Resona Holdings, Inc. is a financial services group which has three operating banks with consolidated assets over ¥45 trillion. The three banks operating under Resona Holdings are the Resona Bank, Saitama Resona Bank and Kinki Osaka Bank. Among the three banks, Resona is the core financial institution that offers various services related to real estate and trust management. Saitama Resona Bank holds principal shares in Saitama Prefecture and the Kinki Osaka Bank has over 120 mandated branches. The three banks under Resona follow a business structure that provides banking services to customers (Resona Holdings, 2015).

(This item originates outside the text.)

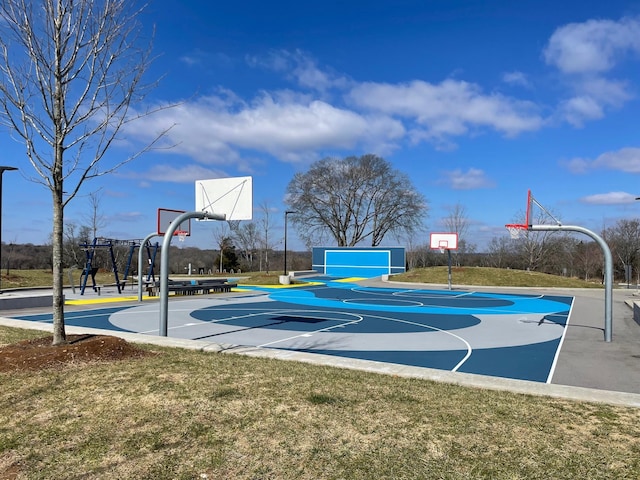 view of basketball court with community basketball court and a lawn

The Resona group aims to build strong relationships with small and medium enterprises and customers (both retail and corporate clients). The products and services of the group are catered to the responses and needs of the customer and society (Resona Holdings, 2015).

Figure 1: Product portfolio

(Source: Resona Holdings, 2015)

The main products and services of the company are discussed below:

Corporate banking – It includes supporting start-ups, fund raising activities for business development, fund settlement activities, supporting businesses in international expansion, and business succession.

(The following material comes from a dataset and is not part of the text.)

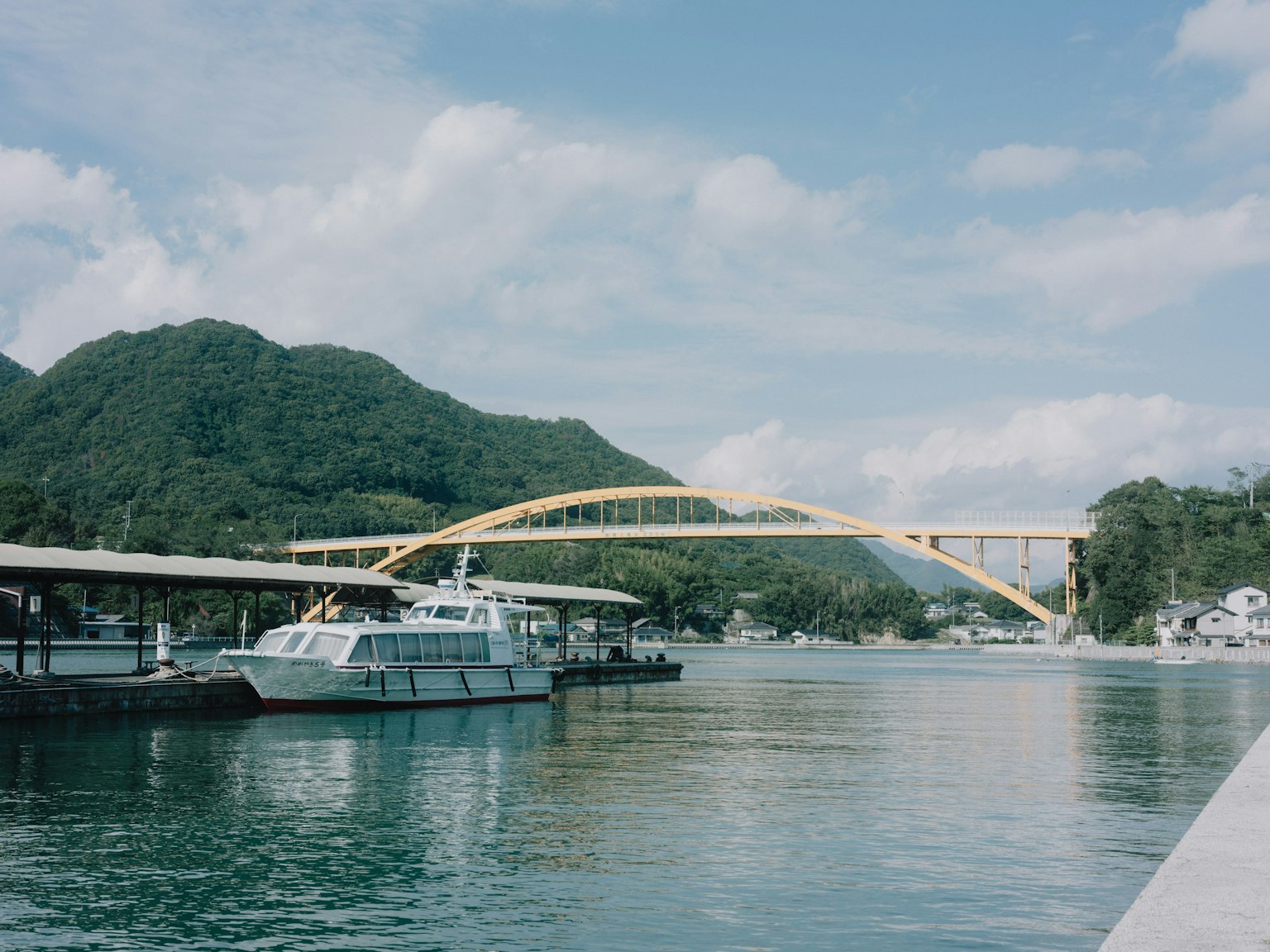 Vista panoramica del fiume con un ponte ad arco giallo e barche tranquille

Trust – The Resona Bank acts like a trustee which administers and manages financial assets on behalf of the customers.

Real estate – The bank provides term loans and working capital loans for real estate development.

Credit analysis – The bank analyses the credit worthiness of the customers in terms of timely repayment, previous defaults in loan, etc.

Compliance – The bank manages the financial reporting activities of organisations to ensure that, all compliances and regulatory obligations are duly followed by the institutions.

Card – The bank offers credit and debit facilities to its customers through Resona cards (Resona Holdings, 2015).

  • Industry analysis

The Japanese government administers complete the banking industry, so as to propel the economic growth. The government regulates the banking industry in terms of interest rate, policies on deposits and loan disbursal process. The government ensures that the funds acquired by the banks are at low interest rates so that the banks will be able to provide loans to industries and corporate activities at minimum rates. Lower interest rates on loans will encourage companies to involve in economic development process (Yang and Morita, 2013).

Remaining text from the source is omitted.